====== Information provided ======

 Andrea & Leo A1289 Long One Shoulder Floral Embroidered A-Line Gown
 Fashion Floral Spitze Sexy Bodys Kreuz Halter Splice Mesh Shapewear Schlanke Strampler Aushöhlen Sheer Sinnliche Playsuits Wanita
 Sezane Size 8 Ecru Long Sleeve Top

======

◆ Instructions for the task:
Could you copy each line above word for word?

◆ Worked solution:
 Andrea & Leo A1289 Long One Shoulder Floral Embroidered A-Line Gown
 Fashion Floral Spitze Sexy Bodys Kreuz Halter Splice Mesh Shapewear Schlanke Strampler Aushöhlen Sheer Sinnliche Playsuits Wanita
 Sezane Size 8 Ecru Long Sleeve Top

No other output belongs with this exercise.